Required work:
Once the line containing "Retro Pirate Ship" is found in the entries below, reproduce it and every line after it, stopping at and including the line containing "Chaveiro Disc Golf"; reproduce nothing else, and keep each line exact.

──────

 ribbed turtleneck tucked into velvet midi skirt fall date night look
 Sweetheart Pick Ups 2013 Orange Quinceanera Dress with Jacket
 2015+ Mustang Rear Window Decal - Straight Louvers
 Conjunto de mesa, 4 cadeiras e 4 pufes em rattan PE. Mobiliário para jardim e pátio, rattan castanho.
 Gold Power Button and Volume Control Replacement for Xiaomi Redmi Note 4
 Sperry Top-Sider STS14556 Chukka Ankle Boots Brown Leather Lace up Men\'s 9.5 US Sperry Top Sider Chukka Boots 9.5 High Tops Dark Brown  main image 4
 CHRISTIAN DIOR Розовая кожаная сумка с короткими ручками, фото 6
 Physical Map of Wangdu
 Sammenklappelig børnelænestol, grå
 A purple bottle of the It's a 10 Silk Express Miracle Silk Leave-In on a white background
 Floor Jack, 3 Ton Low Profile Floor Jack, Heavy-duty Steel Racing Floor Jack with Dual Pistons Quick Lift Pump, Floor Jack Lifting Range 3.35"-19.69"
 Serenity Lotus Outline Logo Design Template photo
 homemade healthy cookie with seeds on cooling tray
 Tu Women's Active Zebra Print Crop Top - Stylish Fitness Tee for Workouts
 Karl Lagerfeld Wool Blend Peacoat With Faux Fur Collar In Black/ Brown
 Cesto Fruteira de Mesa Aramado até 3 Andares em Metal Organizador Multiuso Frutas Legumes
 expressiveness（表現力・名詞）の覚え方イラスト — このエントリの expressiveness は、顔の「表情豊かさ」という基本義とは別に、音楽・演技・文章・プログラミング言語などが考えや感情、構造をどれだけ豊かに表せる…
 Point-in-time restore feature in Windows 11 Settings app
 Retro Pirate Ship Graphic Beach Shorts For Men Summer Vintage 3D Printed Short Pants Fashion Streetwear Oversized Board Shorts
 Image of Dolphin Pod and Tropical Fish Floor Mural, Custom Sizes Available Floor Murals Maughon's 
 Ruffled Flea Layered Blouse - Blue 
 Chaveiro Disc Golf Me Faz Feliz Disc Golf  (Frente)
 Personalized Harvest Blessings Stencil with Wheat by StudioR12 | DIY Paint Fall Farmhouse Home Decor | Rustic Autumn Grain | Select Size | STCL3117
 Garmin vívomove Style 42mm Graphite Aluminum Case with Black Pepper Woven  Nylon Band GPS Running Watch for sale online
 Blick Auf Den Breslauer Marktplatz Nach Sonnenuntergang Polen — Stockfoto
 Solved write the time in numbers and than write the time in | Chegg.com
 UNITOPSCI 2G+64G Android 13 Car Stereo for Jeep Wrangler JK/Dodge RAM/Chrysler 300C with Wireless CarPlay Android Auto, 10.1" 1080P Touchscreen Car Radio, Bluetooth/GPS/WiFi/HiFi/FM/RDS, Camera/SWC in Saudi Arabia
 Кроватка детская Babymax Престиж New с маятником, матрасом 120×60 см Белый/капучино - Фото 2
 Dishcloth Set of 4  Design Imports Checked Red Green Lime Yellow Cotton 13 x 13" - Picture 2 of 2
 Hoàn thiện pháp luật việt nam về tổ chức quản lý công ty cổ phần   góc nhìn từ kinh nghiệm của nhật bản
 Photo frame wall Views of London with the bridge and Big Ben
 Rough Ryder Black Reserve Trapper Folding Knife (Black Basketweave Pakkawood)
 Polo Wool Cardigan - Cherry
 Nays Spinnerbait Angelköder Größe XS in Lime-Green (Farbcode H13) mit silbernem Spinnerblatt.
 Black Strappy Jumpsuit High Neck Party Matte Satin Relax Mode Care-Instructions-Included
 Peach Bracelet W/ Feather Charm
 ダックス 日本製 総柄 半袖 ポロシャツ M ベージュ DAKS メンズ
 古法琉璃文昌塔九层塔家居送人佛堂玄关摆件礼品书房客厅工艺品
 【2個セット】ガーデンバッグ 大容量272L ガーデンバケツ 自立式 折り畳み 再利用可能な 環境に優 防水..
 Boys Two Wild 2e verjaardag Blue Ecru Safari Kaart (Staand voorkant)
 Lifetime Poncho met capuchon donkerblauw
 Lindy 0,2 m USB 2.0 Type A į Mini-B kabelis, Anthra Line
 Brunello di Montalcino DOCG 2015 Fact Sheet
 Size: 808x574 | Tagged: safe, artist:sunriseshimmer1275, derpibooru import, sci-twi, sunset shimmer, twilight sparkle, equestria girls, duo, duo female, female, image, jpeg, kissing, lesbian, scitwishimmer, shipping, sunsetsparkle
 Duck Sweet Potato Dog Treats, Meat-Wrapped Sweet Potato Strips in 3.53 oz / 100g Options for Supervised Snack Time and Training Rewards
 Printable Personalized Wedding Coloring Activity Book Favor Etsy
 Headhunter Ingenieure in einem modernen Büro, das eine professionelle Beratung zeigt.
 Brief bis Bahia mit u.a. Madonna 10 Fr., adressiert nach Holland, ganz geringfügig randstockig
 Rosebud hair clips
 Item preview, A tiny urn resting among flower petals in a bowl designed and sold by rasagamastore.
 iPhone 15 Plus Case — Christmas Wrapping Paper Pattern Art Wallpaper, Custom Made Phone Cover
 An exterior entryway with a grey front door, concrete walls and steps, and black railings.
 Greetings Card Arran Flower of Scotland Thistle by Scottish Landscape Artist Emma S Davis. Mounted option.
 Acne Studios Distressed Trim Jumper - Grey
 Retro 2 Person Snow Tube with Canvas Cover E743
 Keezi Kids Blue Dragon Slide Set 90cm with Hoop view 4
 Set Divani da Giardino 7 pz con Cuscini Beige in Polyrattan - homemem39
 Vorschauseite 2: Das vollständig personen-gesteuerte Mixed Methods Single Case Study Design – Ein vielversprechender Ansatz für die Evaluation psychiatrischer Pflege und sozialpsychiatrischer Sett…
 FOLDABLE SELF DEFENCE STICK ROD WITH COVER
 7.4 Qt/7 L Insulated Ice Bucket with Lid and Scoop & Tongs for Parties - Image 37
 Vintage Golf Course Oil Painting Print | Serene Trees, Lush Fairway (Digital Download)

──────

Written solution:
 Retro Pirate Ship Graphic Beach Shorts For Men Summer Vintage 3D Printed Short Pants Fashion Streetwear Oversized Board Shorts
 Image of Dolphin Pod and Tropical Fish Floor Mural, Custom Sizes Available Floor Murals Maughon's 
 Ruffled Flea Layered Blouse - Blue 
 Chaveiro Disc Golf Me Faz Feliz Disc Golf  (Frente)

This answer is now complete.